Tough childhoods produce violent men, study warns as teen killer is jailed

Sinethemba Nzima was only 16 when he killed for the first time.
His victim, 18-year-old Sinoxolo Mlunguza, was stabbed to death in Thembalethu, in the Garden Route town of George, early on October 8 2017.
Within a day, Nzima was in custody, and this month he was jailed for 10 years. But he will be back in court to be tried for another murder, allegedly committed in March 2019.
Captain Dumile Gwavu, of the Thembalethu police station, said Nzima was one of numerous adolescent boys in the township who fought each other every day.
“The students want to steal items of clothing like pants and jerseys. They want to undermine one another,” Gwavu told Times Select.
Often, the boys got carried away and someone died, he said.
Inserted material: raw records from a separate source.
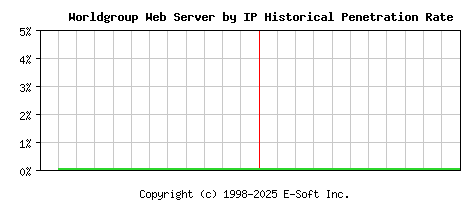 Worldgroup Server by IP Historical Market Share Graph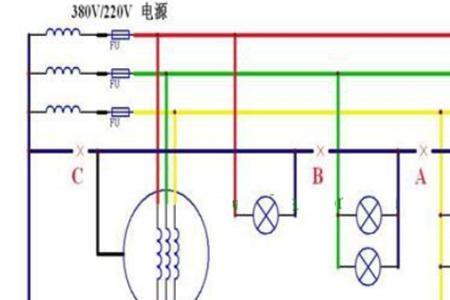 三相四线不平衡会出现什么现象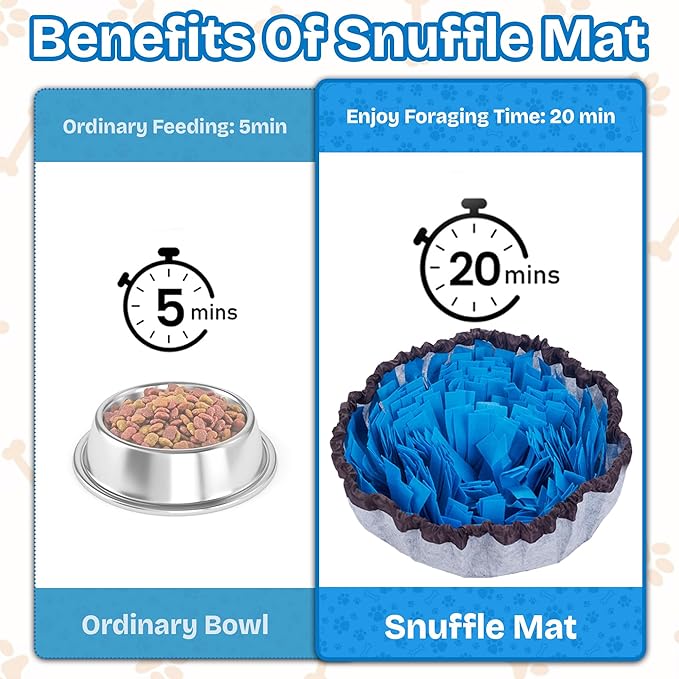 Snuffle Mat for Dogs | Travel-Friendly Snuffle mat Encouraging Foraging | Dog Snuffle mat Crafted for Daily Enrichment | Dog sniff mat Feature for Slow Eating Habits (Blue)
They typically came from low-income homes, many parented by single mothers, and may have been exposed to childhood trauma.
Behaviour of the type Gwavu described is typical among adolescents in low-income countries, according to new international research published by the Global Early Adolescent Study.

Lead researcher Robert Blum, from the John Hopkins Bloomberg School of Public Health in the US, said: “Having a greater number of adverse childhood experiences has been associated with an increased risk of many physical, mental, sexual and behavioural health problems.”
Blum’s researchers questioned 1,284 adolescents aged 10-14 years in Cape Town and 13 other locations, including China, India and Kenya.
They asked about the children’s experiences of physical neglect, sexual abuse and violent victimisation, and discovered that “boys report greater exposure than girls” to all forms of adversity...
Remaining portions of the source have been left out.